# Portfolios



## Smatticus (Jul 29, 2004)

Hello everyone, I am at the point where I need to start getting things together for a portfolio and I am just wondering if anyone has any suggestions as to how I should go about doing this. What is important, what isn't, etc. How do people organize a portfolio, what works best, etc. Any information will be helpful to me and others I'm sure!


----------



## Mayhem (Jul 29, 2004)

I guess it depends upon the intended use.

My advise would be to update it on a regular basis. Otherwise you run the risk of forgetting things.

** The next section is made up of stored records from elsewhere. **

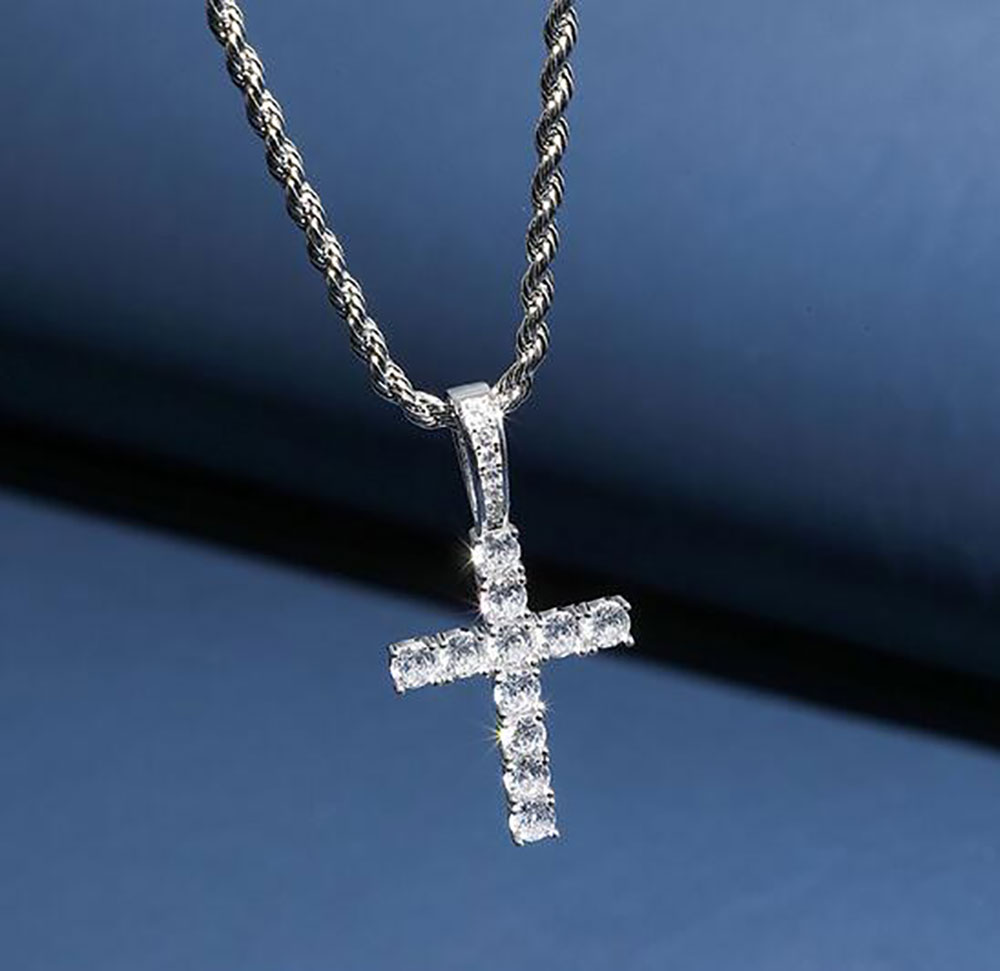 925 Sterling Silver CZ Cross Pendant Solid Micro Jesus Cross Pendant Necklace Men Hip Hop Micro Pave Cubic Zircon Jewelry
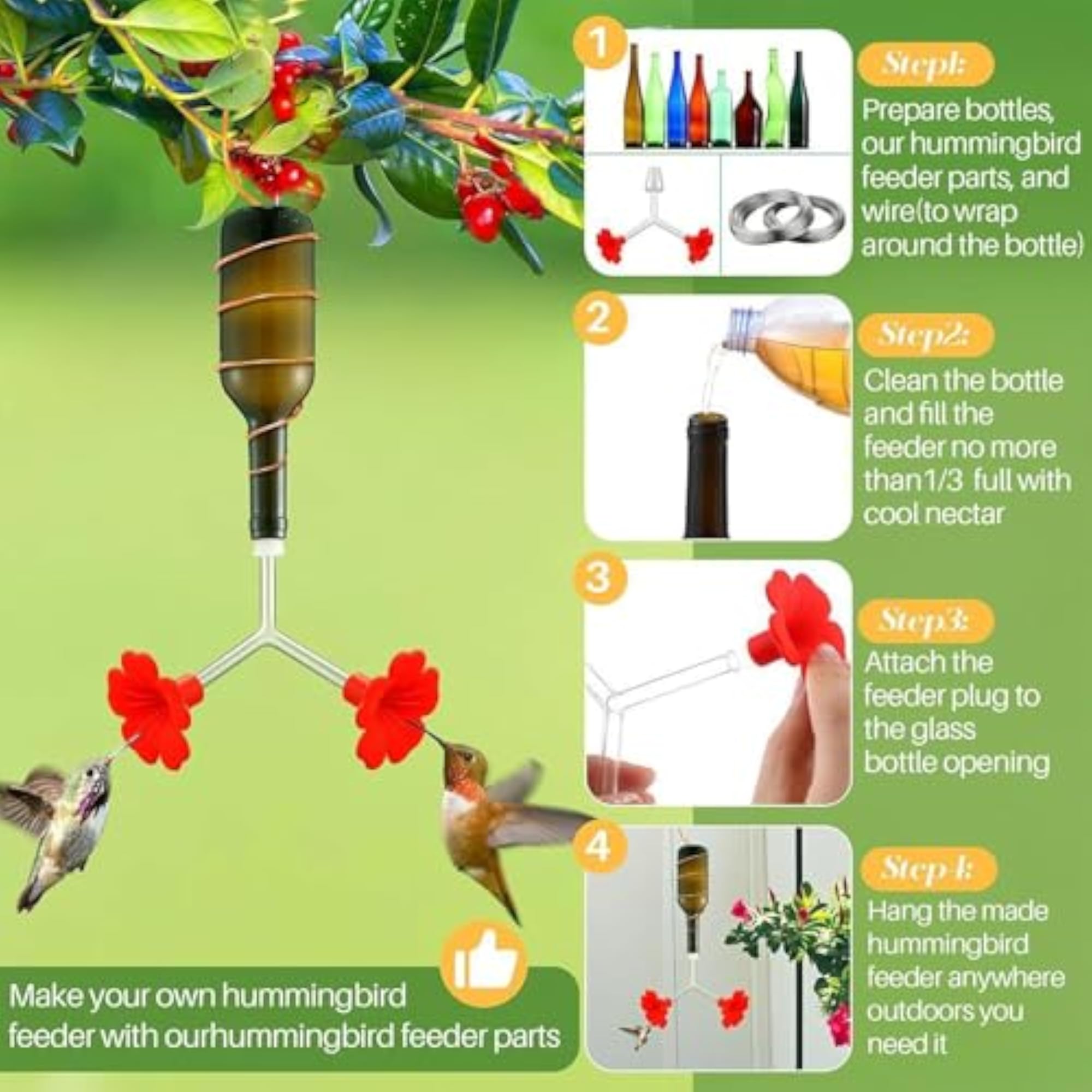 Hummingbird Feeder Tubes and Stoppers Set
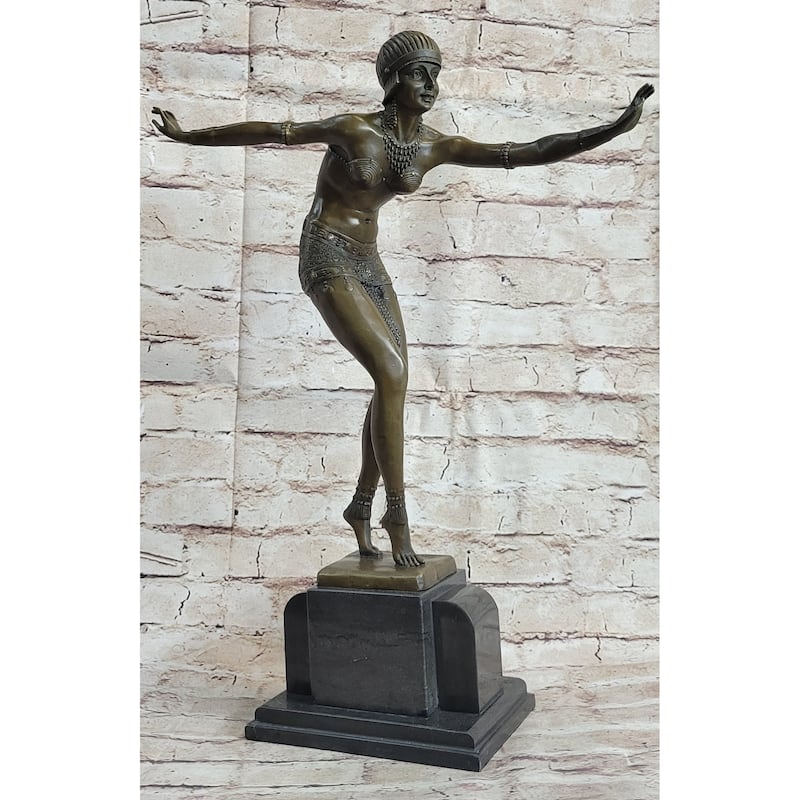 Phoenician Dancer Art Deco Bronze Statue Sculpture After D.H. Chiparus 19 Inches X 14 Inches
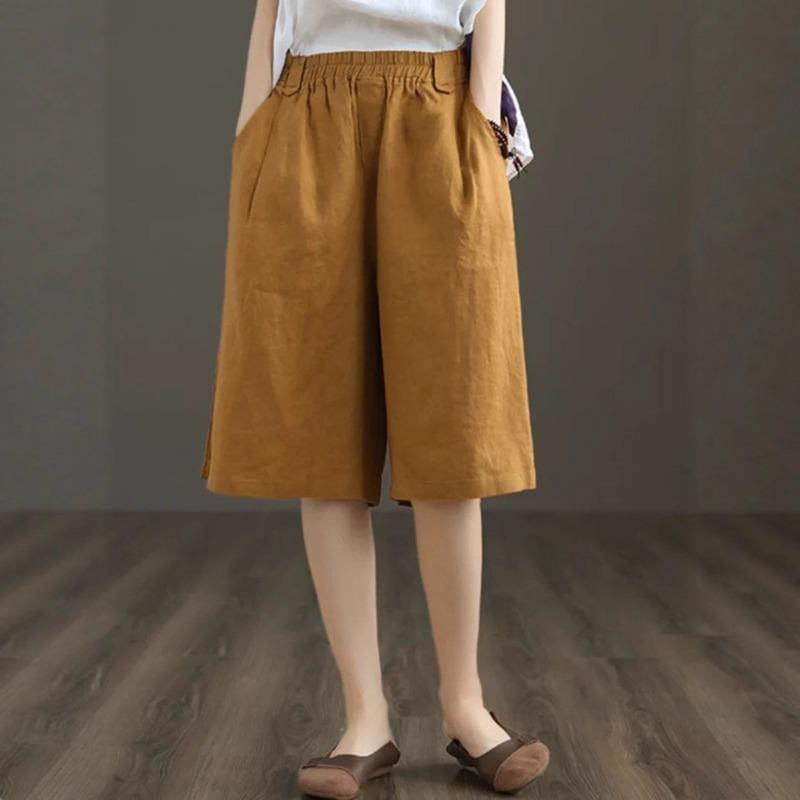 Women s High-Waisted Elastic Waist Linen Bermuda Shorts M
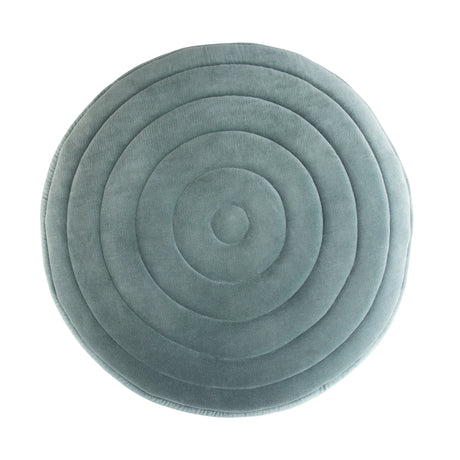 Turquoise Velvet Round Pouf Accent Seating Furniture - Omega Lifestyles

I would error on the side of putting everything in to begin with and then you can trim it down at a later stage.


----------



## digitaltec (Jul 29, 2004)

I just took a class geared torwards this. Do you want me to post mine online as an example? This is what's considered a technical resume and cover letter.


----------



## duncan (Jul 30, 2004)

I am also in the process of getting together a portfolio but my portfolio is for entrance into a major program in college. To enter this program you have to go through a interview process and some other elements, too. Any help would be great!


----------



## ship (Jul 30, 2004)

This was discussed about a year ago also with a lot of posts to the question.


----------



## digitaltec (Jul 31, 2004)

Ok, as I said I would do, here is a fake cover letter, resume, reference page.

Keep in mind I did this at 3 am and I make it all up.  Hope this helps. ( Some of the spacing did not work out right but im sure you get the idea. I dont feel like editing it given that I have a 20 hour day tommorow) I hope to soon have my real resume online, but intill then, this will have to do.


Cover Letter
http://chrisubinger.com/fake/fakecoverletter.htm

Resume
http://chrisubinger.com/fake/fakeResume.htm

Ref
http://chrisubinger.com/fake/fakereferences.htm


----------



## duncan (Jul 31, 2004)

Thanks... it helped out a lot. I know where to start at least... weeee.


----------



## TheSoundGuyWSU (Oct 28, 2004)

What school are you trying to get into? Every year at my school, i am required to present my portfolio in front of the theatre administrators. From that presentation, they decide whether or not i am to stay in the program for the next year. If you need more help with yours, i think i can help, just let me know specifics, and i will tell you what i suggest.


----------